Okay, sure, some of them are. Hindraker certainly isn't evincing any sparks of intelligence, and Michelle Malkin's porn buddy Bryan Preston is a sack of rocks. Hannity's probably not all that bright, although he's making money by being a lying tool on national television and we're not, so there's some intelligence-like quality happening there--call it faux intelligence. And O'Reilly's stupid, but he's so testosterone-addled and batshit insane that it outshines his native stupidity.

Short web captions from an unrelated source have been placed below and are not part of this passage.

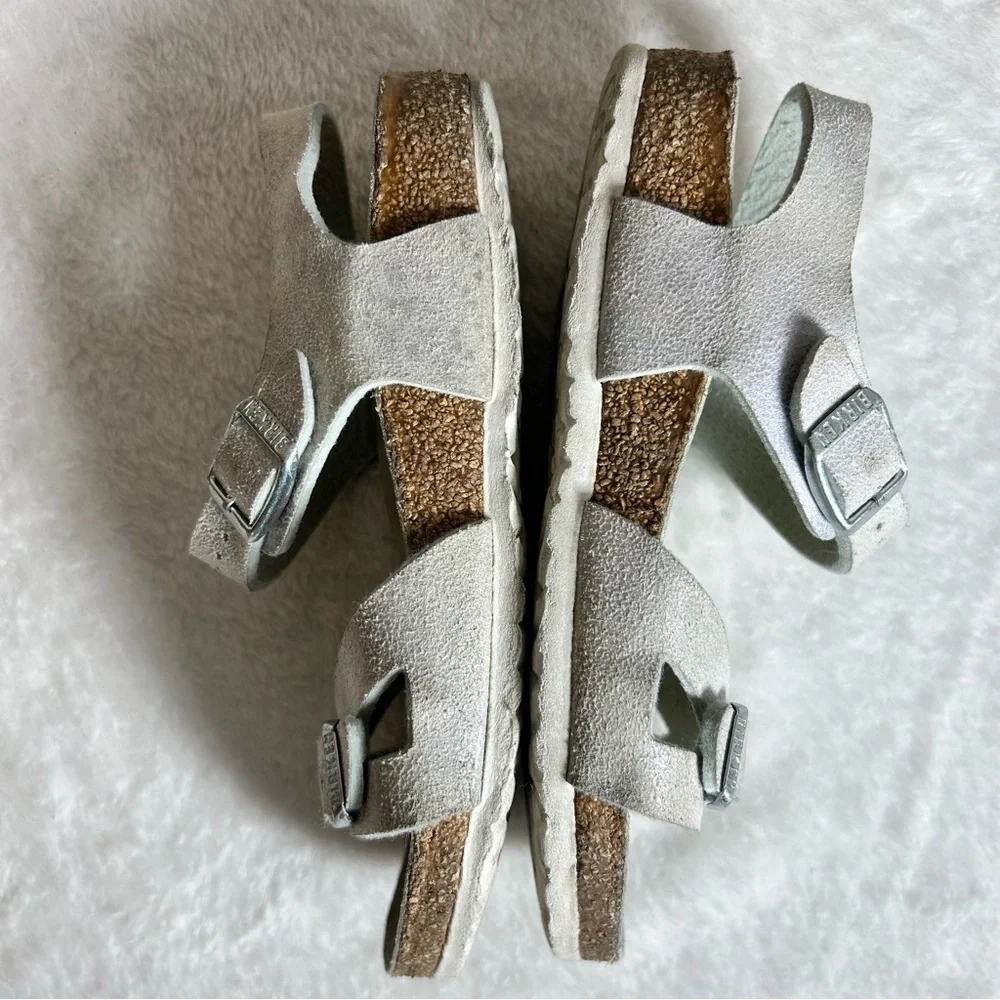 Birkenstock Kids Iridescent Silver Adjustable Strap Sandals Size 32 EU/1-1.5 US - Picture 6 of 12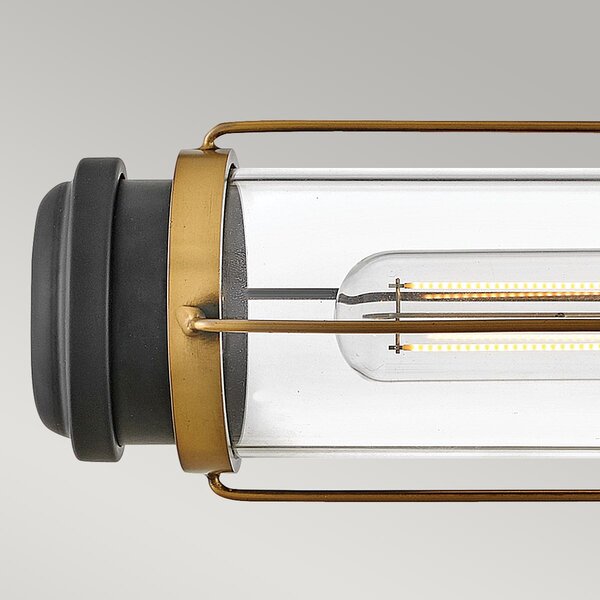 Hinkley lighting vintage fali lámpa masthead fekete sárgaréz átlátszó elshk-masthead2-hbbk IP44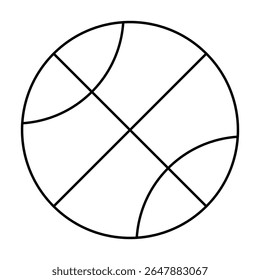 Flat minimalist basketball icon in outline style, vector EPS 10. Represents a classic round basketball, ideal for athletic branding, game interfaces, sports illustrations, and recreational activity.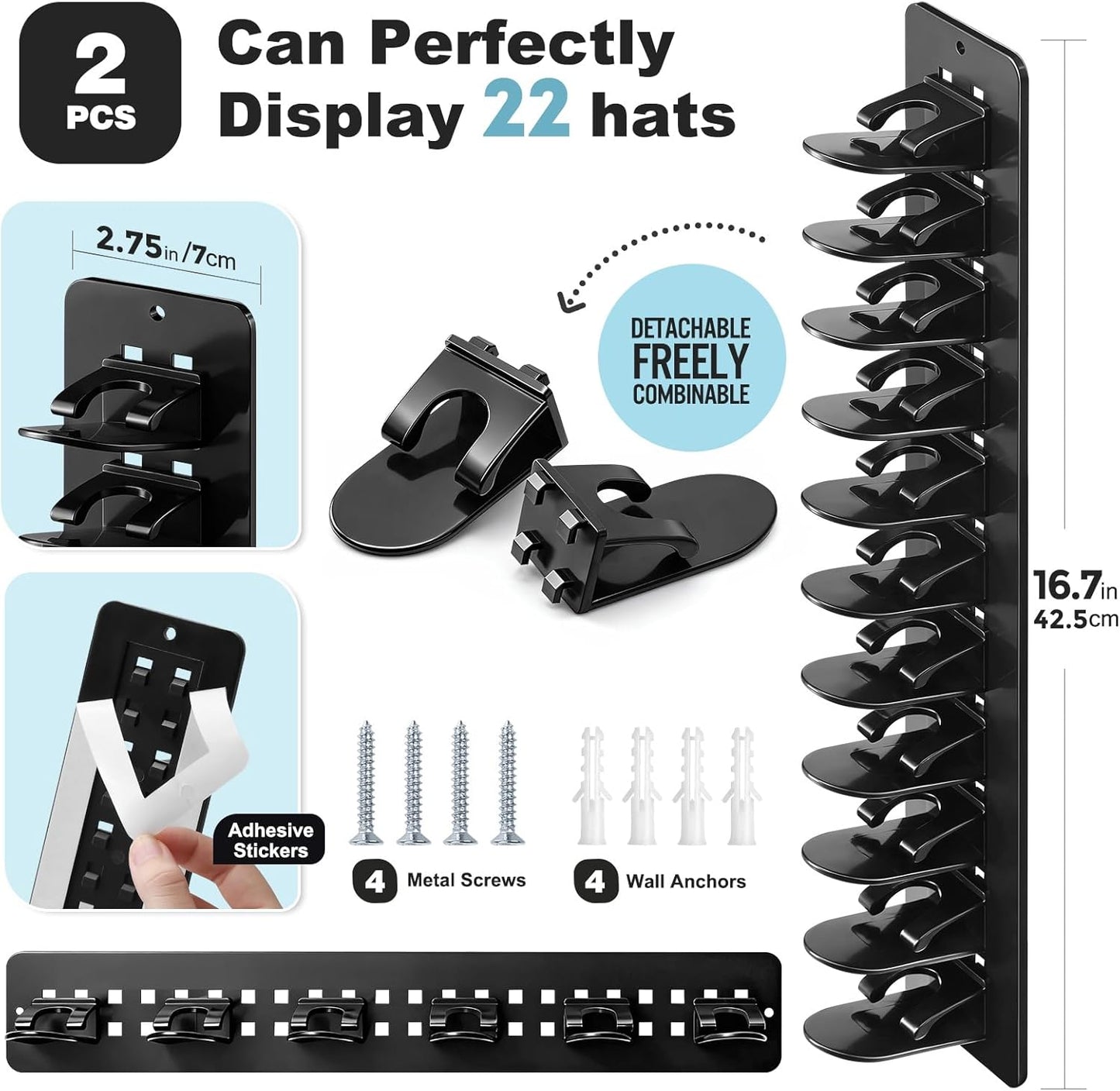 Skiennix 2-Pack Hat Organizer - Detachable DIY Wall Rack Holds Up to 22 Baseball Caps | Black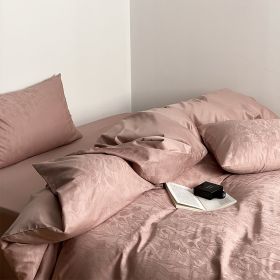 Long Velvet Jacquard Four Piece Pure Cotton Duvet Cover (Option: Tulip Pink Gray-220 X240cm Duvet Insert)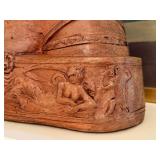 Handcrafted Terracotta Bust of Princess Ippolita Maria Sforza Francesco with Hand-Painted Scenic Artwork by Cy DeCosse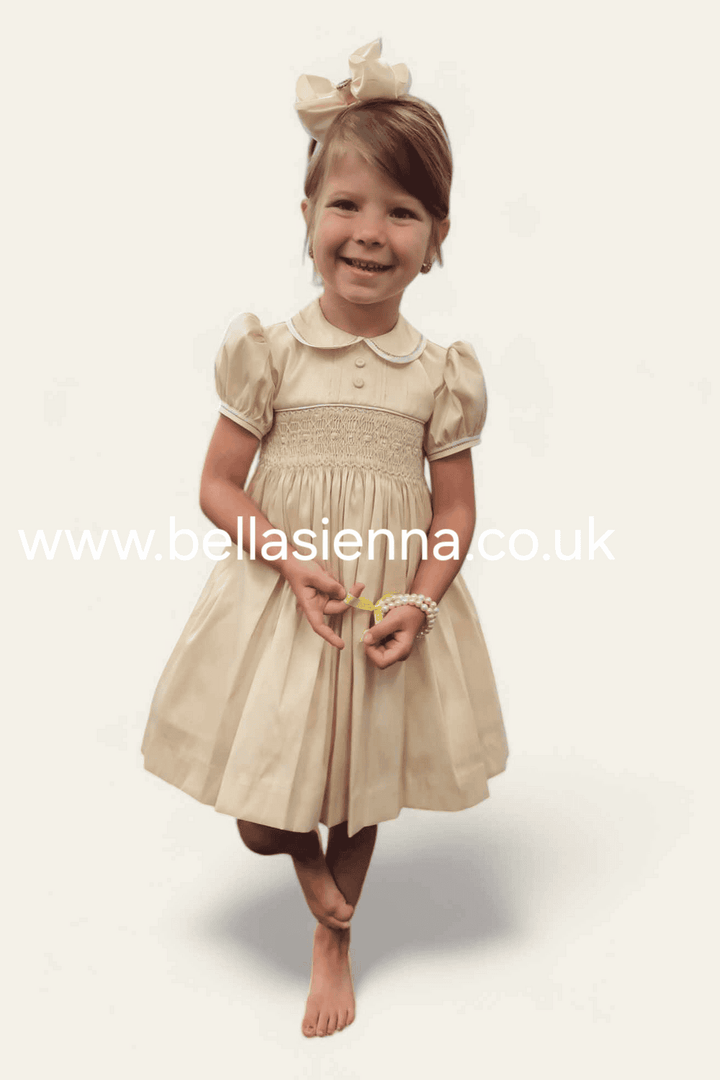 Pretty Originals Hand Smocked "Luxe" Fabric Dress With Built In Underskirt - BD02289- Wheat/Beige - Gold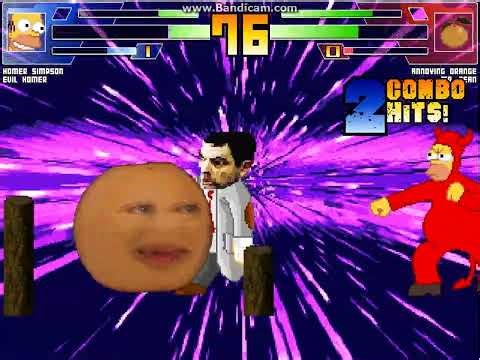 MUGEN battle #7981: Homer & Evil Homer vs Annoying Orange & Mr.Bean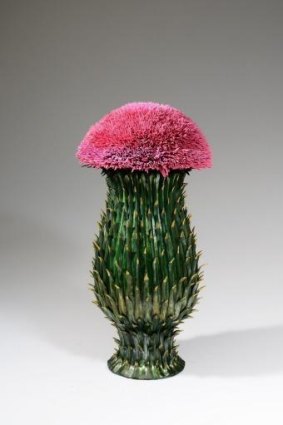 Schoolyard Bully (bull thistle) by Natalie Maras is on display at Form Studio.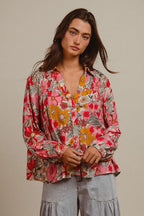 BiBi Women's Shirt Rose Floral Printed Smocked Long Sleeve Top ba74bbcb778f49f9ad10dcbf322350fe-Max-Origin Trendsi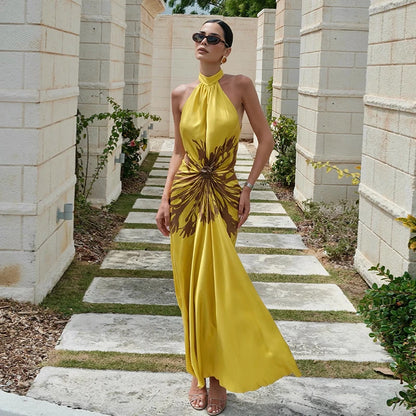 2026 Summer Sexy Print Long Women Dress Fashion Backless Sleeveless Halter Pleated Female Dresses Beach Vacation Lady...
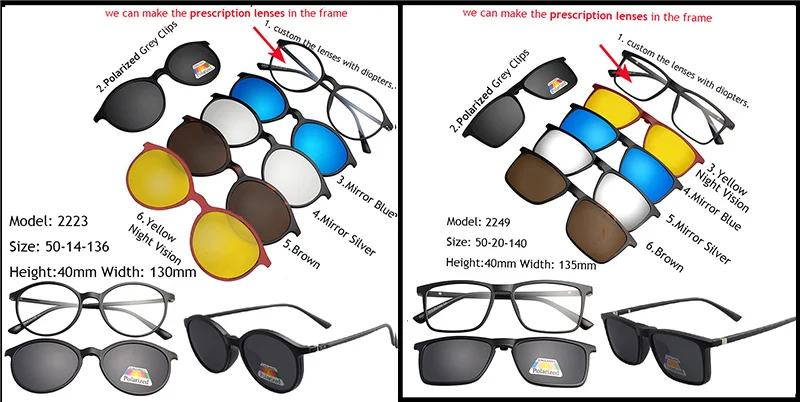 IVSTA 3016, магнит для сумки, солнцезащитные очки на магнитной застежке, мужские поляризованные очки с клипсами по рецепту, близорукость, ночное видение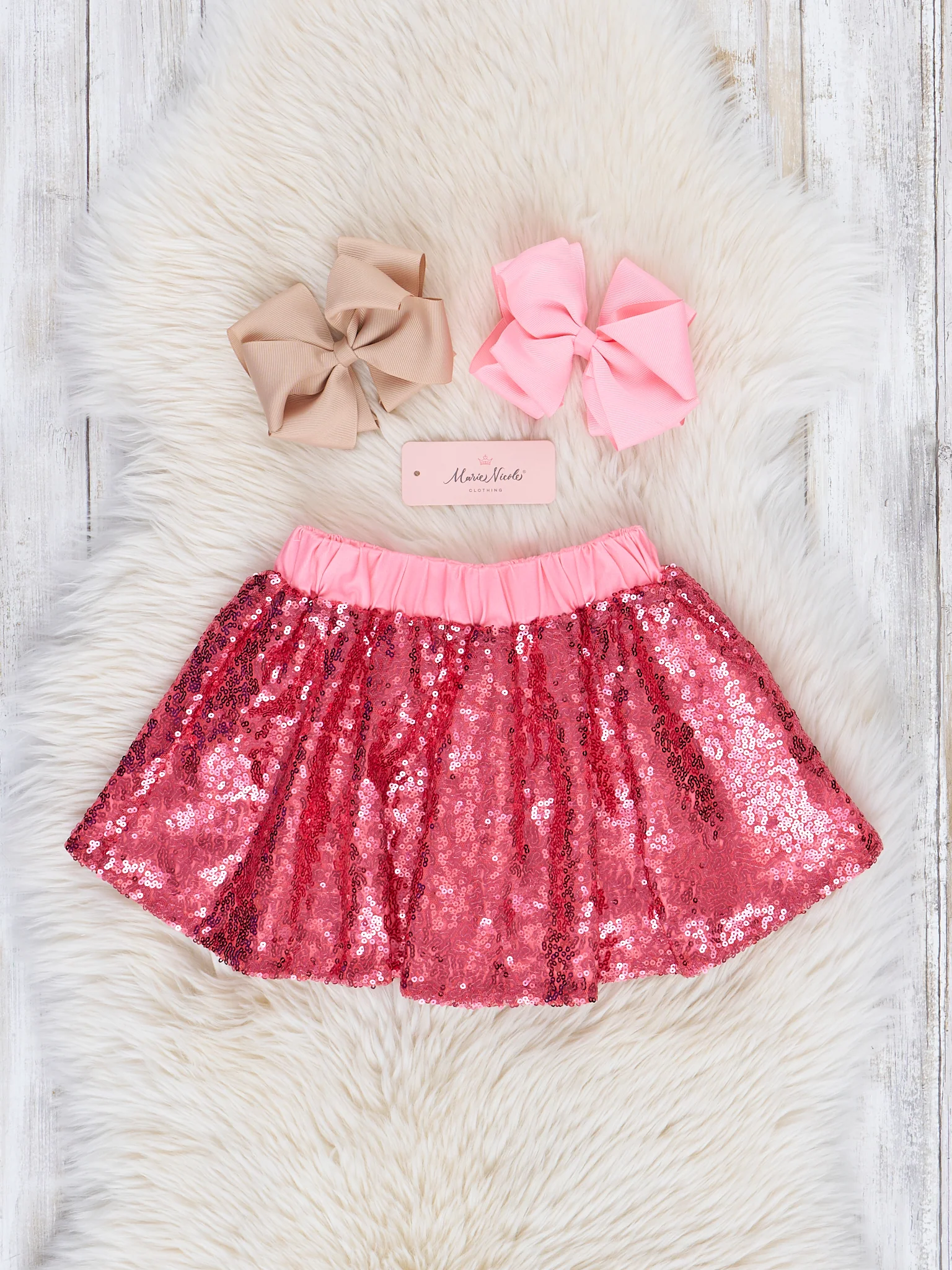 Grey & Pink Bell Sleeve Outfit w/ Sequin Skirt - Image 3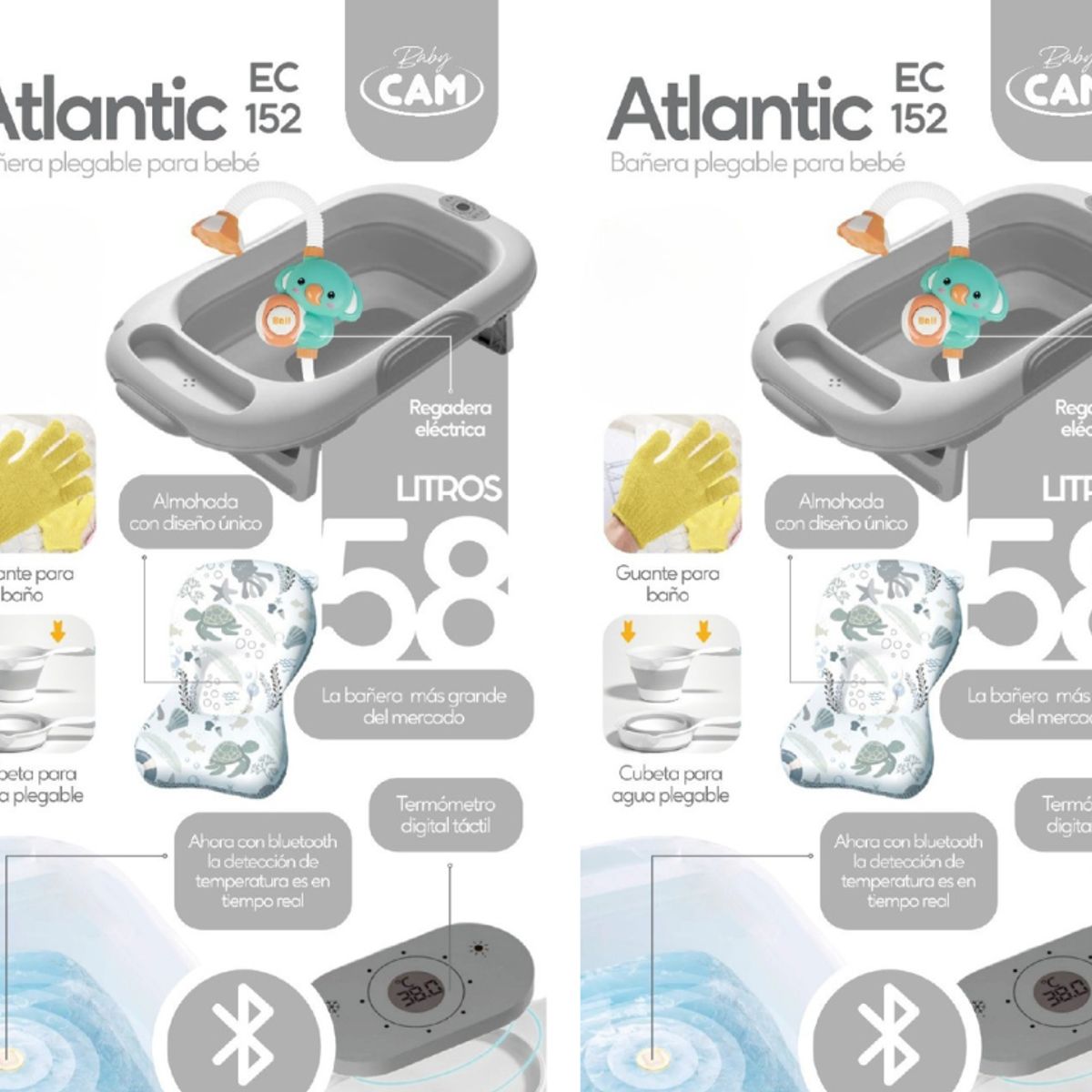 CAM - BAÑERA  ATLANTIC 58 LITROS GRIS ACCESORIOS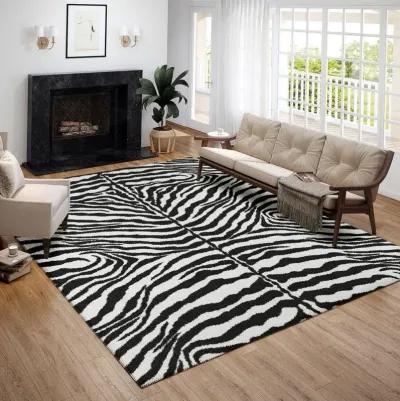 Dalyn Zebra Print Black & White Striped 5'X8' Area Rug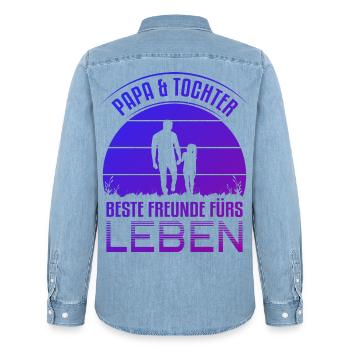 Papa Tochter Geschenk Beste Freunde Vater Spruch - Männer Jeanshemd Organic von Stanley/Stella - verwaschenes Hellblau - Hinten - AI Model Male 185 light (185cm)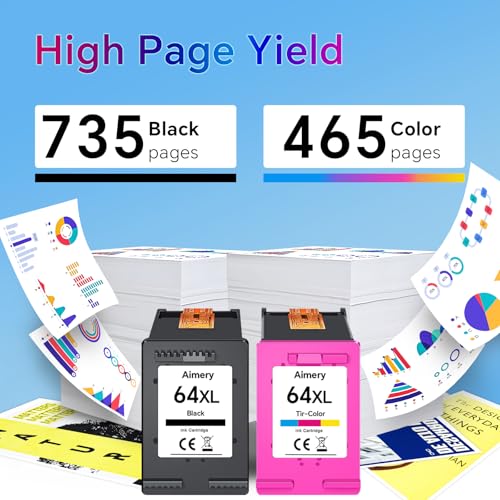 Image of 64XL Ink Cartridge Combo Pack Replacement for HP Ink 64 Black and Color Compatible with Envy Photo 7855 7858 7155 7800 Inspire 7900e Series 7200e 7255e 7900e 7950e 7955e 7958e Tango Series Printers
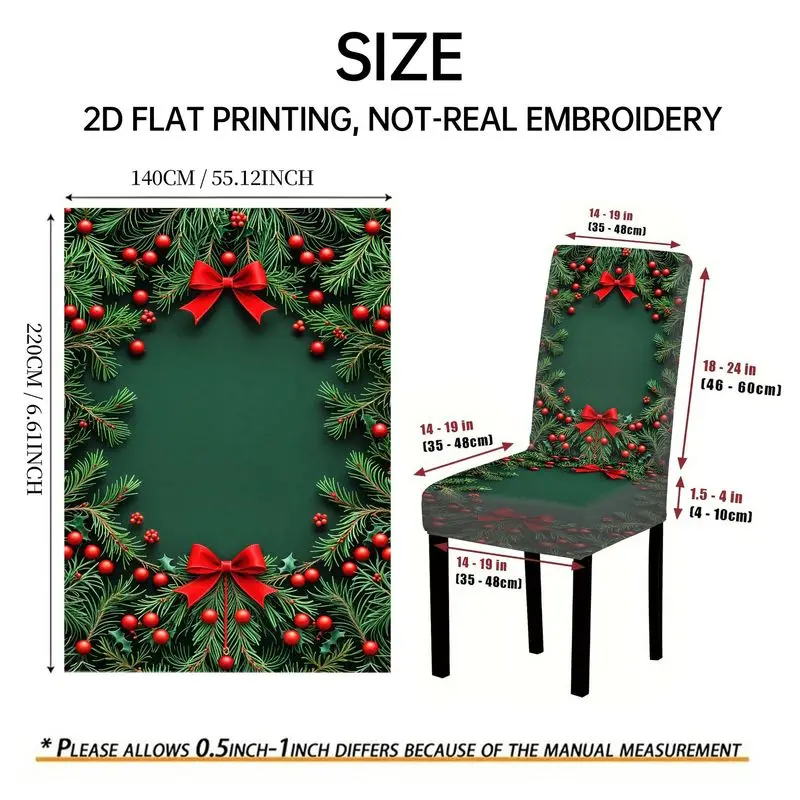 Elastic chair cover Outdoor courtyard high-back chair cover, holly branch red bow pattern, restaurant chair cover set
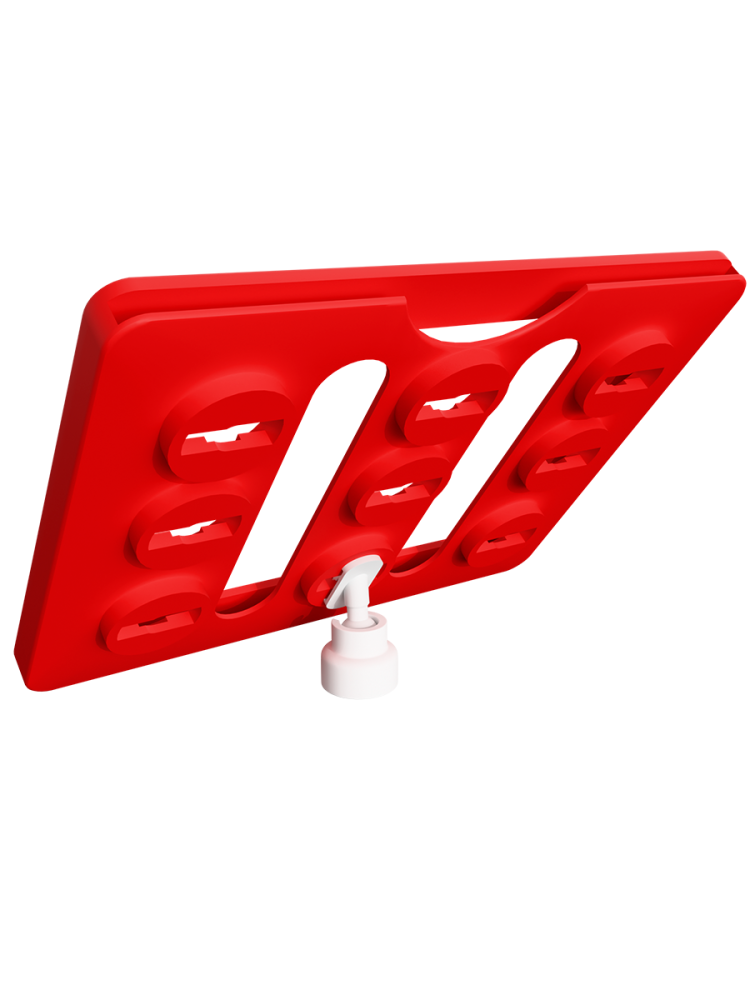 00_Рамка ТЕХНО А7 красная, белый держатель TECHNO MAG-BASE-VL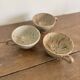Set of 3 vintage speckled stoneware mugs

But Ann Coulter and Michelle Malkin...these two keep turning up. The allegedly liberal news media keeps propping them up, too, as if to try to prove both these malicious witches' legitimacy and their own. Tom Tomorrow nailed it, here (just watch the Salon ad and get over it).

A recent sampling:
  • When the Wall Street Journal, the Los Angeles Times, and the New York Times printed articles about the SWIFT international banking system--a secret only to those who know nothing about banking, and a system bragged on by the President only days after 9/11--Coulter, Malkin, and their ilk (let's just call them CMilk for short) began to propagate the outright lie that the two Times papers had publicized secret data. For one thing, the stories revealed no secrets. For another, CMilk are mysteriously ignoring the fact that the Journal published essentially the same story on the same day. Coulter's rhetoric about this non-issue has included proclamations that Timothy McVeigh should have bombed the New York Times building. Malkin's has included a series of Photoshopped World War II propaganda posters suggesting that the Times is deliberately getting Americans killed. There's nothing about these attacks that isn't hate speech. And the attacks are so outlandish, so unabashedly untruthful, that they cannot be the result of stupidity.
  • After the New York Times published a travel-section puff piece about Saint Michaels, Maryland, a quaint Eastern Shore village known to anyone who whiffs around the Chesapeake Bay a little on the occasional weekend, various CMilk went nuts, claiming that the paper had posted the addresses of Vice President Cheney's and Donald Rumsfeld's vacation homes. For one thing, it's a lie: the Times provided no such information. There's only one road into Saint Michaels. A picture of a security camera in a birdhouse in Rumsfeld's driveway was posted with Secretary Rumsfeld's permission; CMilk claim the publication provided valuable information to terrorists. CMilk forgot that Newsmax, a right-wing news operation, published a similar story about the exact same location, noting the locations of Cheney's and Rumsfeld's homes. I don't see anyone picketing Newsmax to let us know that it's a Jihad-symp organization. Cmilk also conveniently forgot a 2001 Times piece--picked up around the country--naming the road in Chappaqua, New York, where Bill and Hilary Clinton maintain their primary residence. CMilk's publication of the address of the Times photographer who shot the completely authorized birdhouse pic (or, in the absence of such publication, strident defenses of those bloggers who did), coupled with their unashamed lack of a sense of irony about these facts, gives the lie to the notion that they're stupid.
  • Our final presentation: Michelle Malkin, who has brutally assaulted everyone who disagrees with her worldview by calling them "unhinged," "moonbats," "deranged," and various other epithets, and who savaged notable dissenters such as Cindy Sheehan and some UC Santa Cruz students (whose phone numbers she published), headlines her call to today's protest at the Times' Washington Bureau thusly: "Dissent Is Patriotic." Is it possible for someone to be dumb enough not to understand that level of hypocrisy? I don't think so.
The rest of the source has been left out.